Het onderzoek ter zitting is voortgezet op 30 januari 2009, waarbij appellant is verschenen in persoon en het Uwv werd vertegenwoordigd door mr. Höppener.
Met betrekking tot de zaken 06/4667 en 08/6990.
1.1. Appellant is in verband met volledige arbeidsongeschiktheid per 1 mei 1989 in aanmerking gebracht voor een militair invaliditeitspensioen ingevolge de Algemene militaire pensioenwet (Amp) dat met ingang van 1 januari 1998 is omgezet in een WAO-uitkering berekend naar een mate van arbeidsongeschiktheid van 80 tot 100%.

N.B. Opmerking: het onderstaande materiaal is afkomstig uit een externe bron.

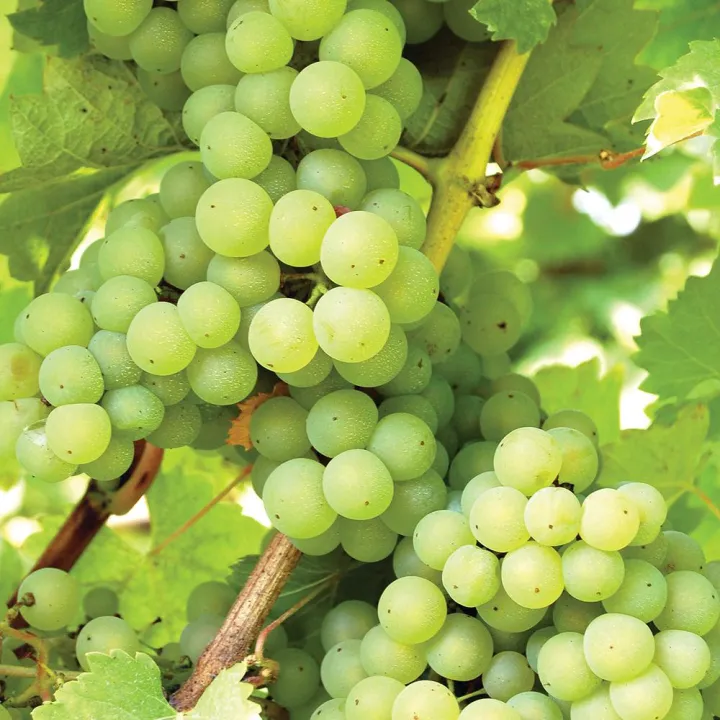 All%20Season%20Sweet%20Green%20Grape%20Seeds-%2020%20Pcs%20Seeds%20-%20Image%203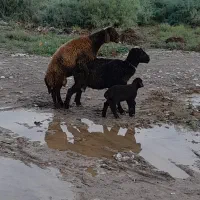 یک راس بره داره جوان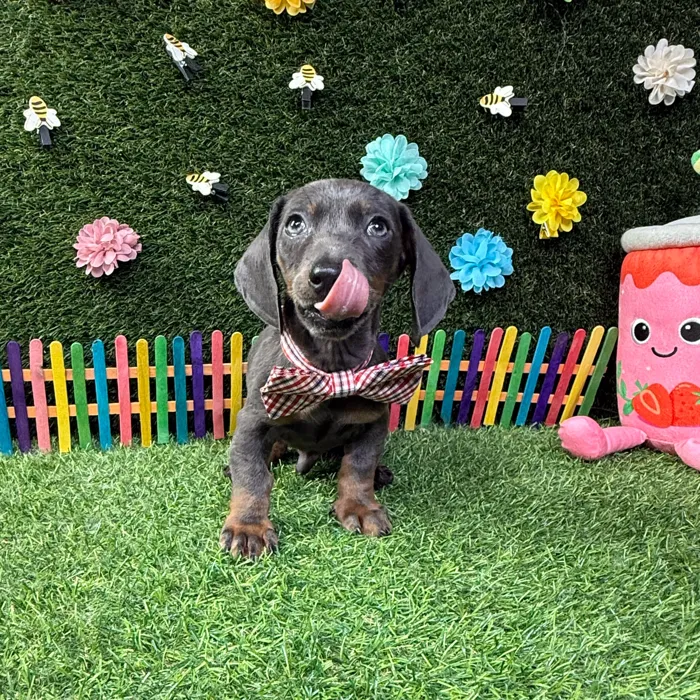 Male Dachshund puppy named Smokey for sale at Puppy Dreams - Carrollton.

1.2. Naar aanleiding van een vergelijking tussen de uitkeringsbestanden van het Uwv en de bij de Belastingdienst bekend zijnde gegevens heeft het Uwv een onderzoek ingesteld naar de neveninkomsten van appellant waarvan de resultaten zijn neergelegd in het proces-verbaal van 12 december 2003.
1.3. Dit onderzoek heeft in eerste instantie geleid tot het besluit van 18 november 2003 waarbij is besloten tot toepassing van een korting wegens inkomsten 1998 tot en met 2001 en tot een intrekking met ingang van 1 januari 2002. Appellant heeft tegen dit besluit bezwaar gemaakt.
1.4. Nader arbeidskundig onderzoek, waarbij is uitgegaan van een nieuwe berekening van de maatman, heeft vervolgens geleid tot vier besluiten van 6 september 2004 waarbij is besloten een korting wegens inkomsten toe te passen over 1999 en daarop volgende jaren. Appellant heeft ook tegen deze besluiten bezwaar gemaakt.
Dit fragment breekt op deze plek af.